The Company confirms that the initial cash payment and issuance of the initial Common Shares have been completed. All securities issued in connection with the Option Agreement are subject to a hold period expiring four months and one day from the date of issuance.

All payments shall be calculated in CFA francs on the basis of the closing conversion rate determined by the Central Bank of West African States (BCEAO) on the day immediately preceding the date of payment, whether in cash or in Common Shares, and in the case of the issuance of Common Shares, on the basis of the market price of the Common Shares at the close of business on the business day immediately preceding the payment date.

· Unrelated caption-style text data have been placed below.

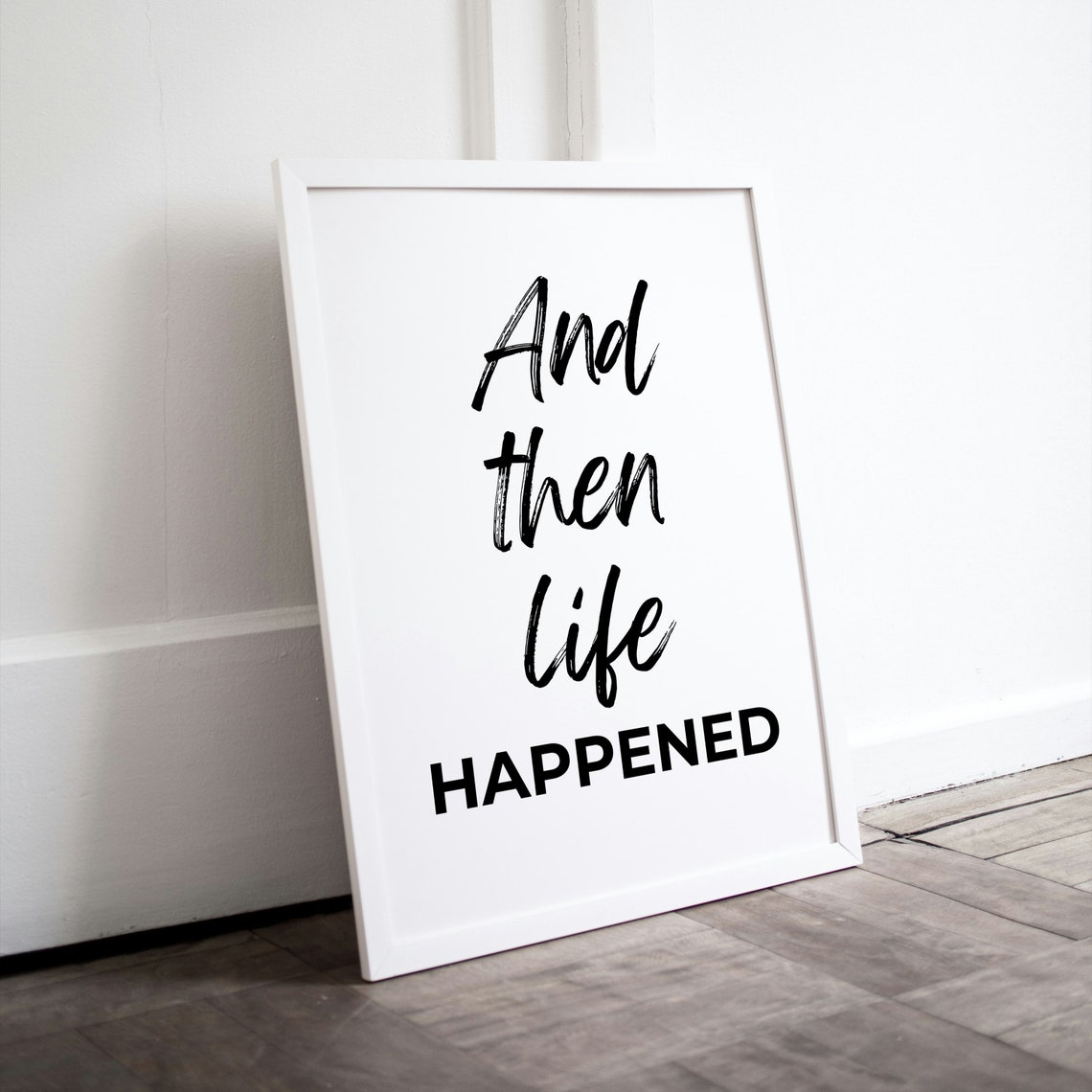 And Then Life Happened Black Script Minimalist Home Quote Poster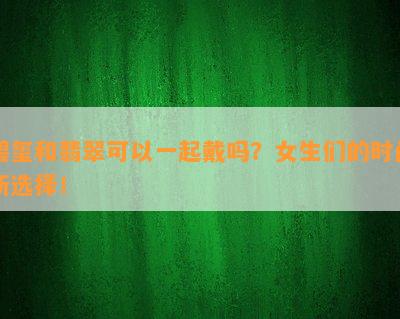 碧玺和翡翠可以一起戴吗？女生们的时尚新选择！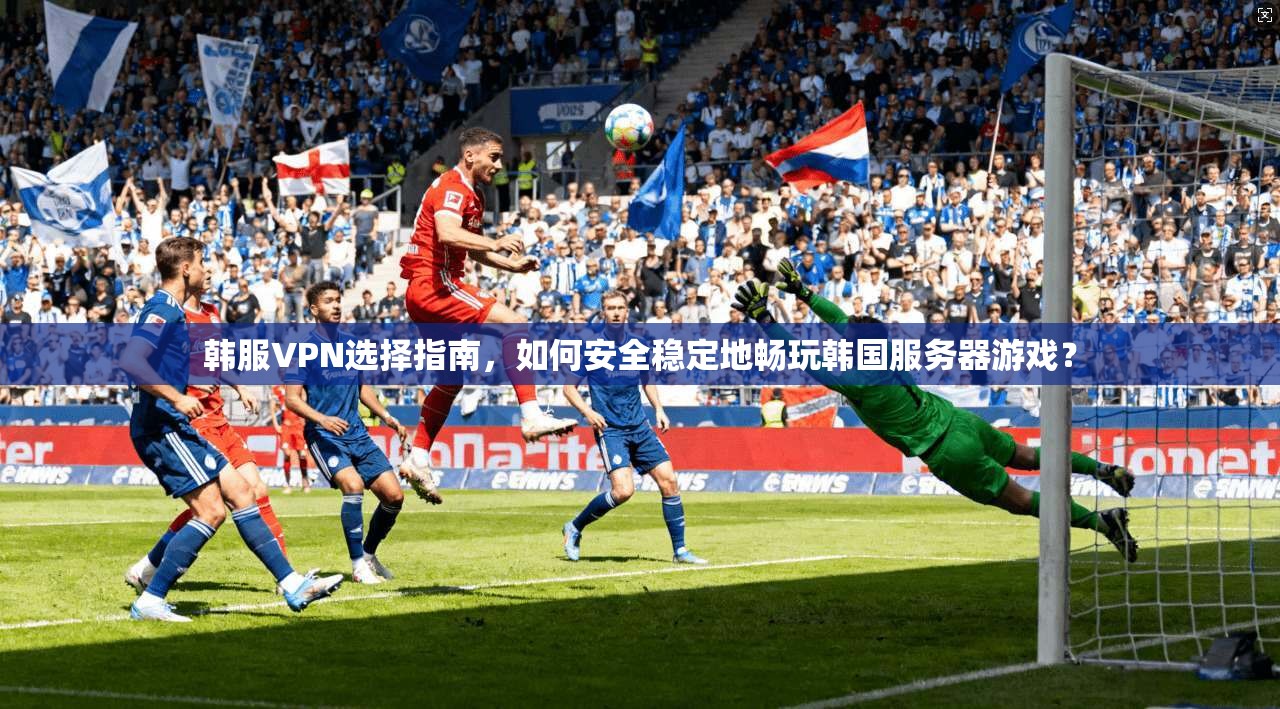 韩服VPN选择指南，如何安全稳定地畅玩韩国服务器游戏？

On May 20, 2021, the exchange rate was 1CAD = FCFA 443.87. 

Upon the Property entering into industrial gold production under the Mining Permit, the Company will provide written notice to Harmattan advising of the date of commencement of production and issue Harmattan such number of Common Shares equal to US$1,000,000, within 30 days of the date of commencement of production. 

If a bankable feasibility study is prepared by the Company in respect of the Property and the study reveals proven gold reserves equivalent to more than 1,000,000 oz, the Company will provide written notice to Harmattan of the results of the study and issue Harmattan, within thirty (30) days of receipt of such notice, such number of Common Shares equal to US$1,000,000. 

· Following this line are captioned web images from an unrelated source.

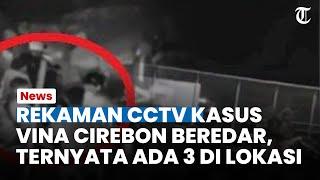 REKAMAN CCTV Kasus Vina Cirebon Beredar di Media Sosial, Terpasang 3 di Lokasi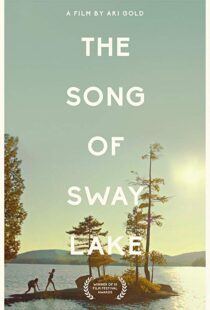 دانلود فیلم The Song of Sway Lake 201814701-1954680925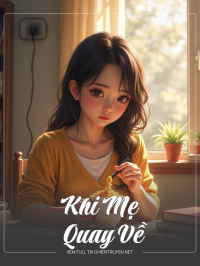 Khi Mẹ Quay Về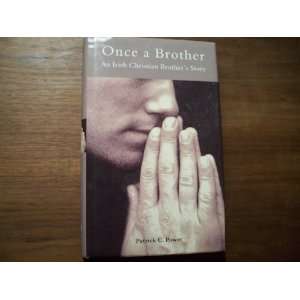  Once a Brother An Irish Christian Brothers Story 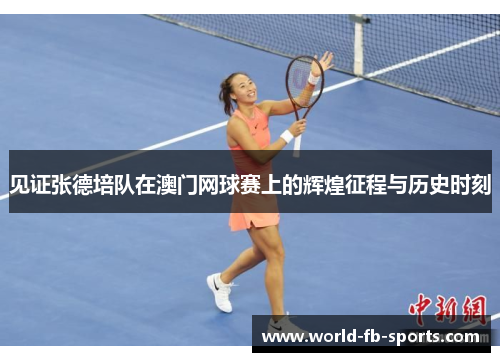见证张德培队在澳门网球赛上的辉煌征程与历史时刻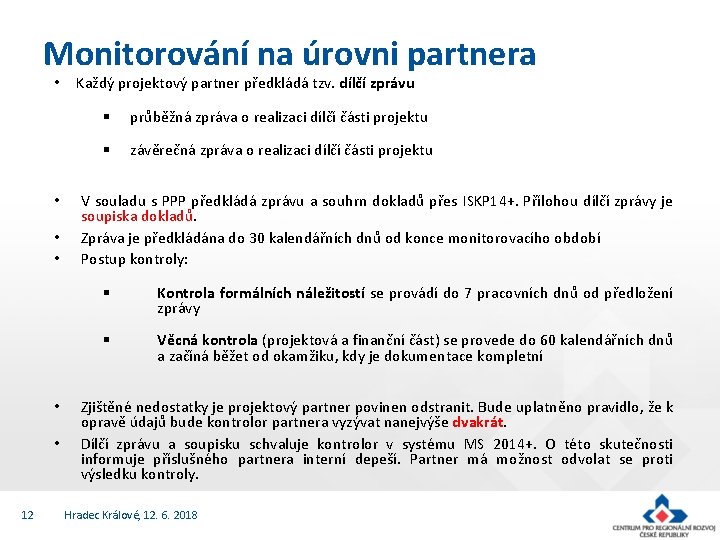 Monitorování na úrovni partnera • • • 12 Každý projektový partner předkládá tzv. dílčí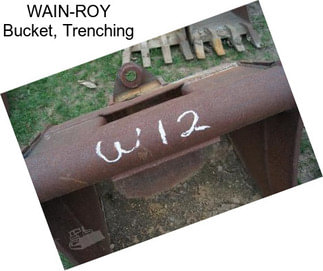 WAIN-ROY Bucket, Trenching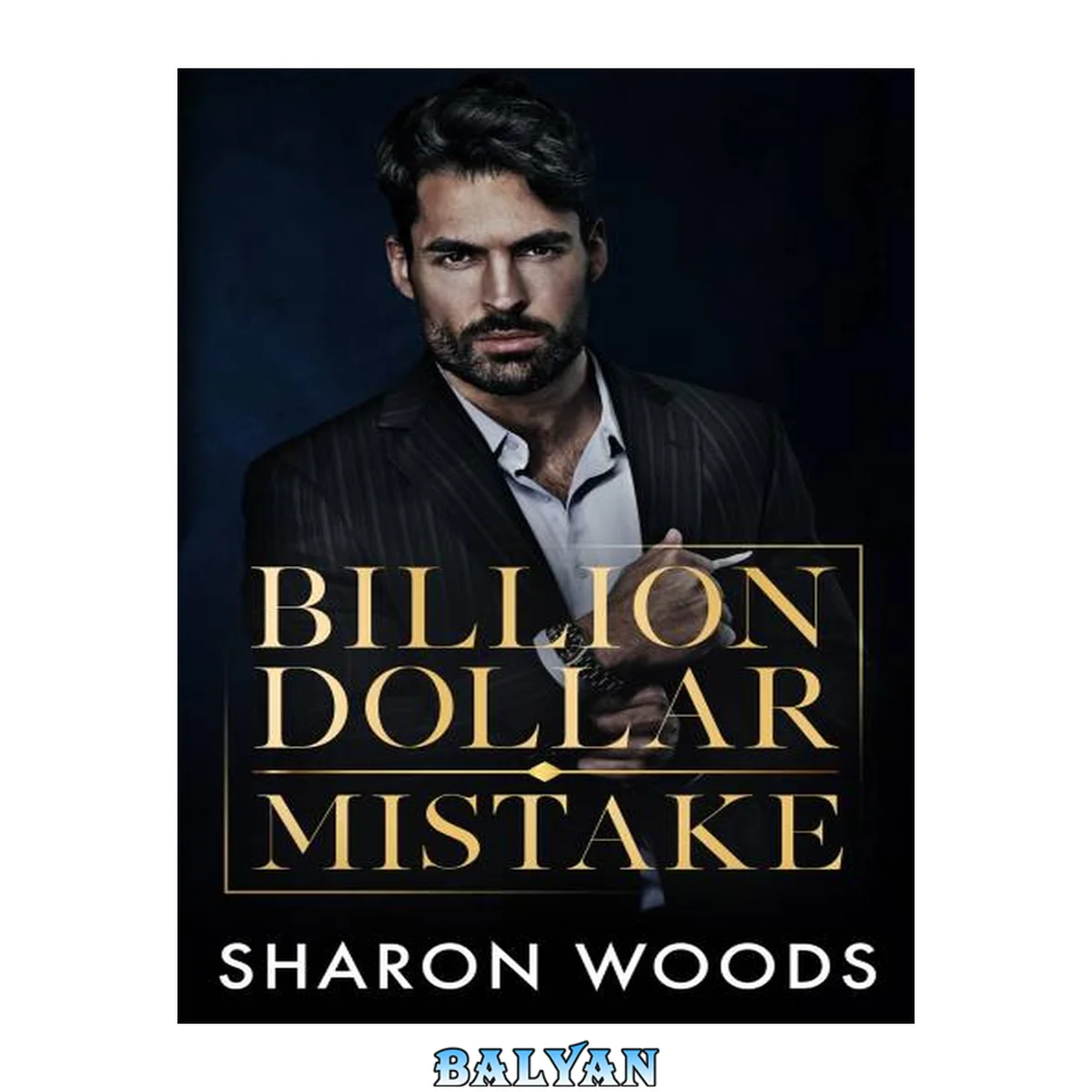 جلد کتاب Billion Dollar Mistake: An opposites attract billionaire romance: (The Lincolns Book 1)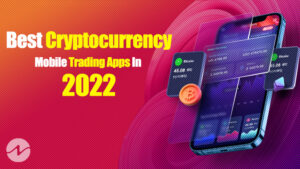 Best Cryptocurrency Mobile Trading Apps In 2022 PlatoBlockchain Data Intelligence. Vertical Search. Ai.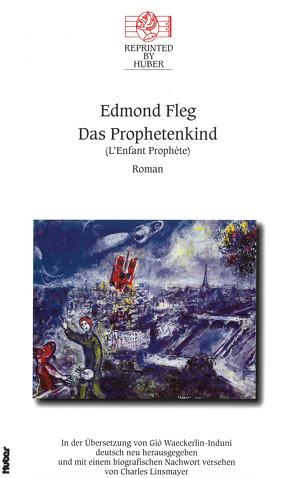 Das Prophetenkind. Roman von Fleg,  Edmond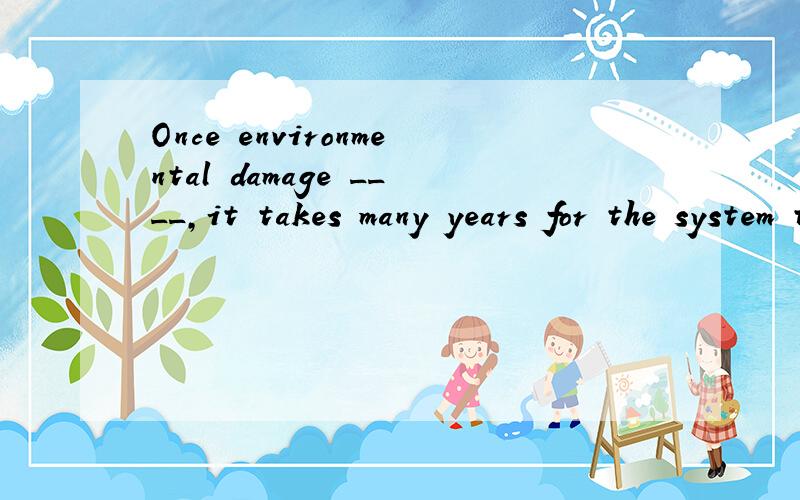 Once environmental damage ____,it takes many years for the system to recover.A.has doneB.is done选什么?为什么?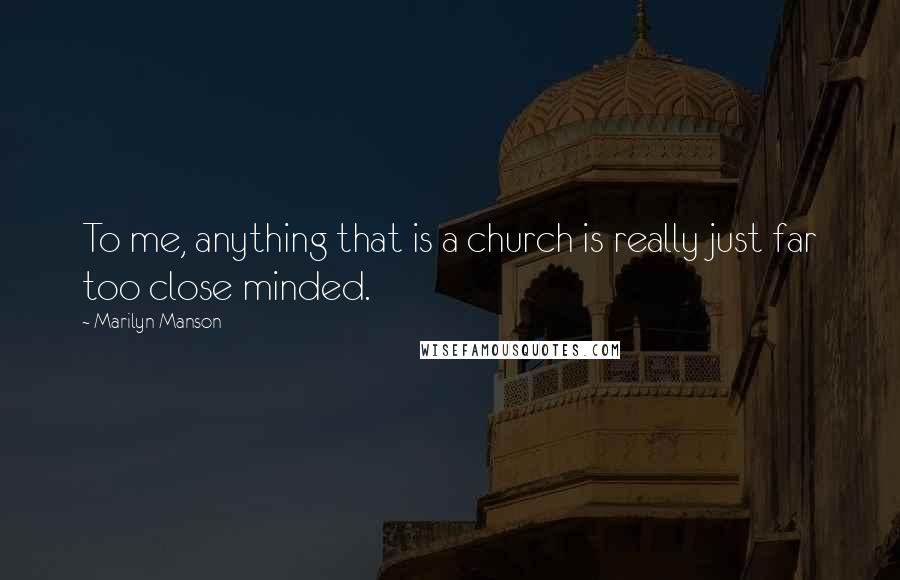 Marilyn Manson Quotes: To me, anything that is a church is really just far too close minded.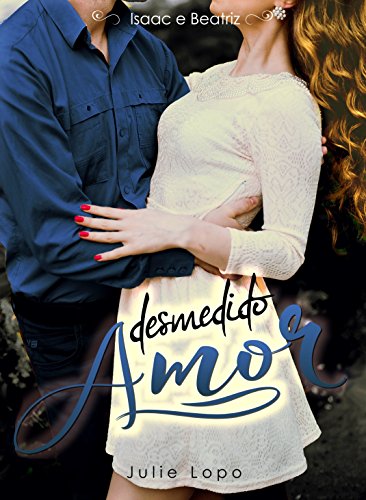 Livro PDF Desmedido Amor: Isaac e Beatriz (São Rafael Livro 1)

In the event that the Option is exercised in full, the Company will grant Harmattan a two percent (2%) net smelter returns royalty (the “NSR”), subject to the ability of the Company, at any time, to purchase one percent (1%) of the NSR (resulting in the remaining NSR being 1%) for a purchase price of US$1,000,000. 


Greg Isenor, P. Geo., Executive Vice-Chairman for the Company, is the designated Qualified Person for this news release within the meaning of National Instrument 43-101 (“NI 43-101”) and has reviewed and verified that the technical information contained herein is accurate and approves of the written disclosure of same.

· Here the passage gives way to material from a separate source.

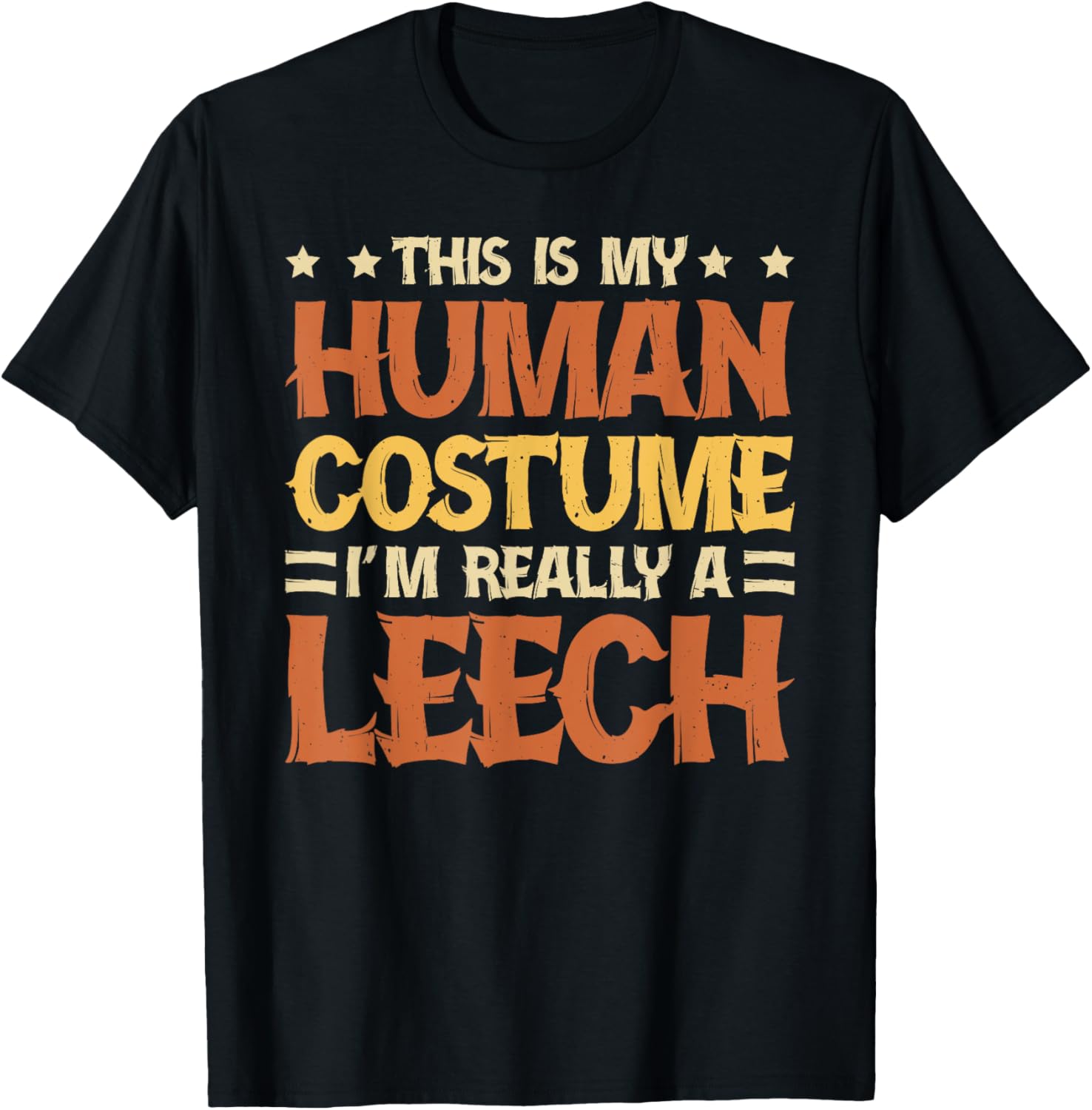 This Is My Human Costume I'm Really A Leech T-Shirt - T-Shirt | Black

Roscan Gold Corporation is a Canadian gold exploration company focused on the acquisition and exploration of gold properties in West Africa. The Company has assembled a significant land position of 100%-owned permits in an area of producing gold mines (including B2 Gold’s Fekola Mine which lies in a contiguous property to the west of Kandiole), and major gold deposits, located both north and south of its Kandiole Project in west Mali. 
For further information, please contact: 

Andrew J. Ramcharan, P. Eng
Executive Vice President – Corporate Development
Tel: (416) 572-2295

Forward Looking Statements

Certain information set forth in this news release may contain forward-looking statements that involve substantial known and unknown risks and uncertainties, including, but not limited to, the timing of future exploration work or drilling, and the expansion of the mineralization. These forward-looking statements are subject to numerous risks and uncertainties, certain of which are beyond the control of the Company, including, but not limited to, the impact of general economic conditions, industry conditions, volatility of commodity prices, risks associated with the uncertainty of exploration results and estimates, currency fluctuations, dependency upon regulatory approvals, the uncertainty of obtaining additional financing and exploration risk. Readers are cautioned that the assumptions used in the preparation of such information, although considered reasonable at the time of preparation, may prove to be imprecise and, as such, undue reliance should not be placed on forward-looking statements. This press release is not, and is not to be construed in any way as, an offer to buy or sell securities in the United States.

Neither the TSX Venture Exchange nor its Regulation Services Provider (as that term is defined in the policies of the TSX Venture Exchange) accepts responsibility for the adequacy or accuracy of this release.